The Politics of Assimilation of the Tea-Garden Community of Assam with The Greater Assamese Society:
Abstract
Tea garden community of Assam has been playing an important role in shaping the political milieu of Assam. Tea garden workers of Assam has a history of millions of colonial migrant workers, who has worked under the condition of indentured servitude in tea plantation in Assam, producing tea for an increasingly profitable global market. Ever since the colonial period the socio economic condition of tea garden workers has hardly improved even today. Based on these inferior conditions of tea plantation workers, they are called the ‘Subalterns’. In spite of their contributions to the growth of tea plantation in Assam, their socioeconomic condition depicts the legacy of exploitation since pre independence. Migrant labours that were brought to Assam from different parts of India and were settled across the plantation areas constituted the very core of the tea plantation in Assam. In Assam they are known by different nomenclatures such as Cooley, Bongali, Bagania, Chah Shramik etc in colonial period, again as Tea community, Tea tribes, Adivasis, Ex- tea garden labour community etc in present times.
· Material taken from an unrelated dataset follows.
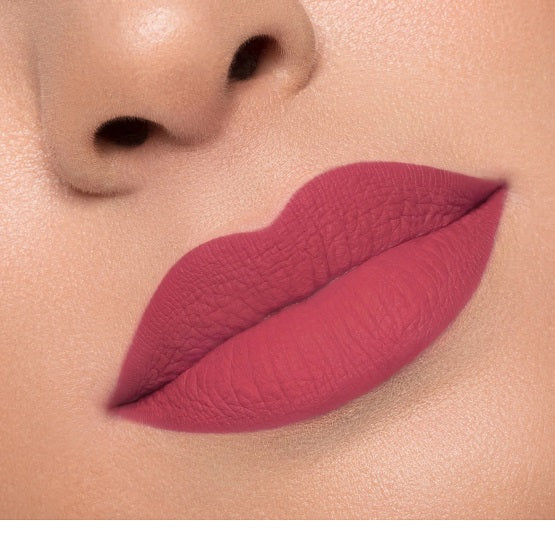MORPHE - Matte Liquid Lipstick - Phatty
But the fact remained that each member of the tea and ex-tea garden community primarily is a member of an ethnic, religious and socio cultural group. As these tea garden workers originated from different ethnic background, they had to make a tough struggle for adjustment in a completely new environment and in the process of adjusting with the situation some major transformation were observed in their life. Therefore in this context the present paper is an attempt to understand the politics of assimilation of tea garden community of Assam with that of the larger Assamese community and the paper also highlights that during the course of the assimilation process there is the revival of the Adivasi identity which has been observed among the tea garden community of Assam.